**WHAT THE TASK ASKS**
As the answer, give exactly the lines of the records below from the one with "каннабис Заводоуковск" through the one with "独宠 - 第165话 - 第8张图", ends included and pictures left out.

**SUPPLIED MATERIAL**

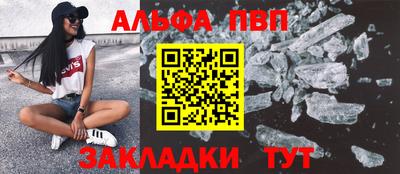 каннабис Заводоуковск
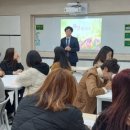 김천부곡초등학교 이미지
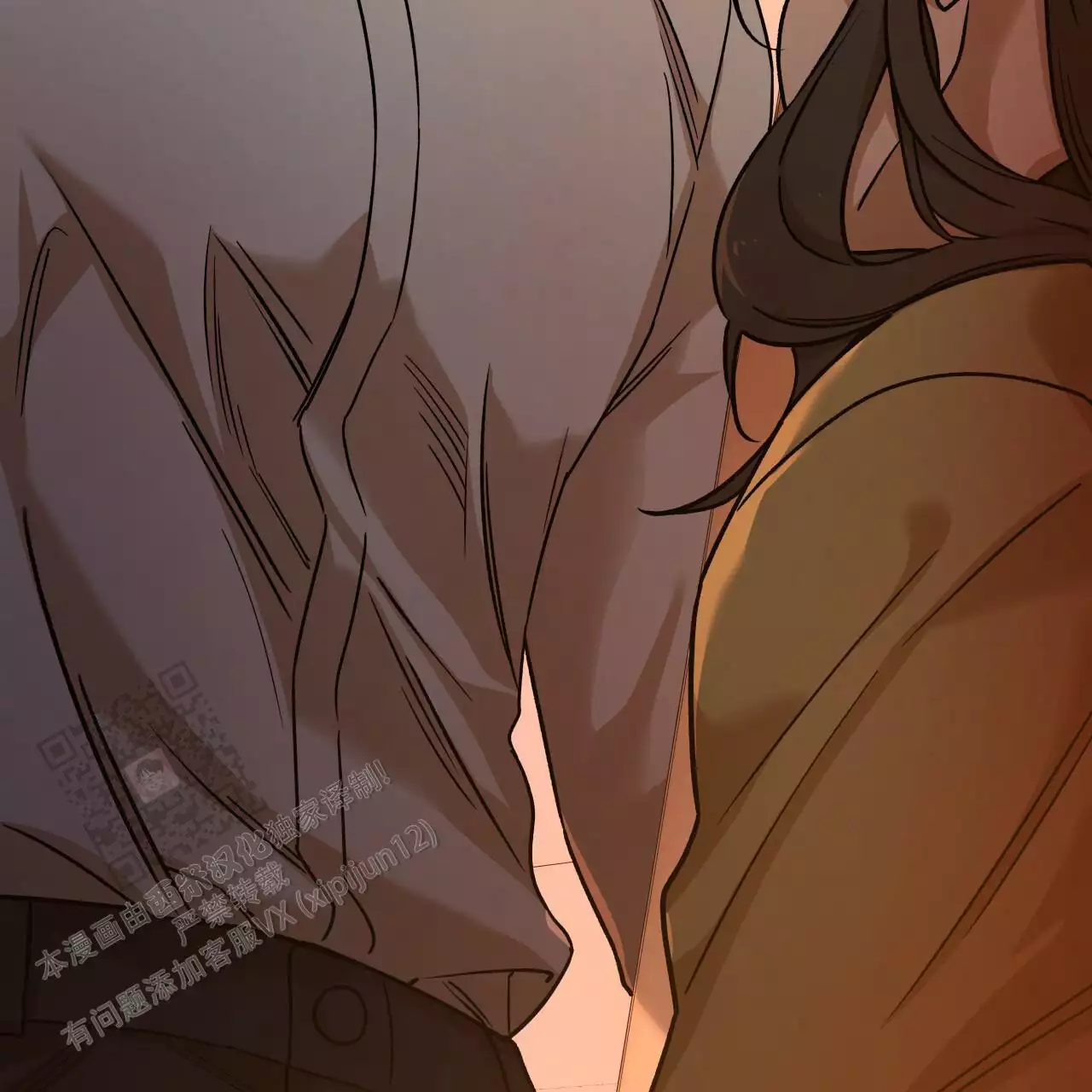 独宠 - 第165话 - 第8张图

==

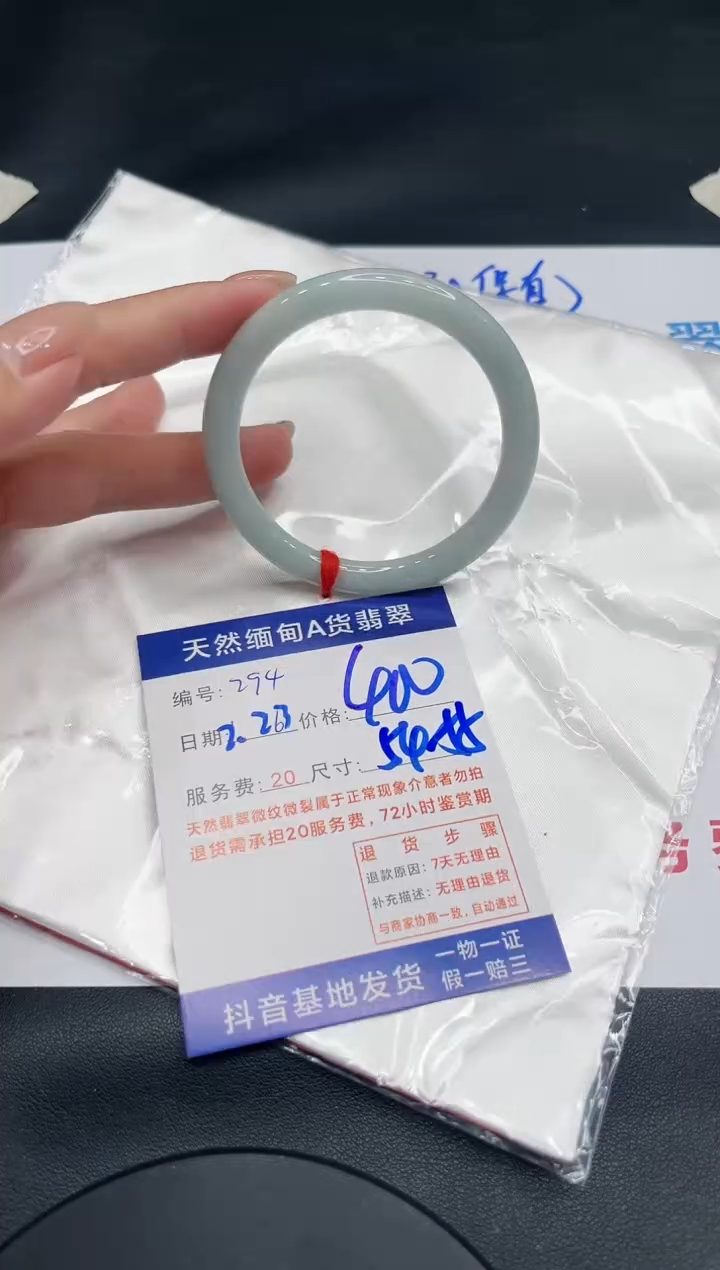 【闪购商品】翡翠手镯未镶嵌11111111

...

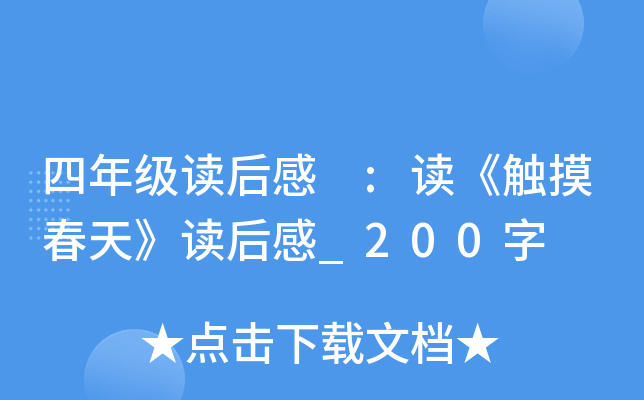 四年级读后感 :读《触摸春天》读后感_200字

**EXERCISE RESPONSE**
 каннабис Заводоуковск
 김천부곡초등학교 이미지
 独宠 - 第165话 - 第8张图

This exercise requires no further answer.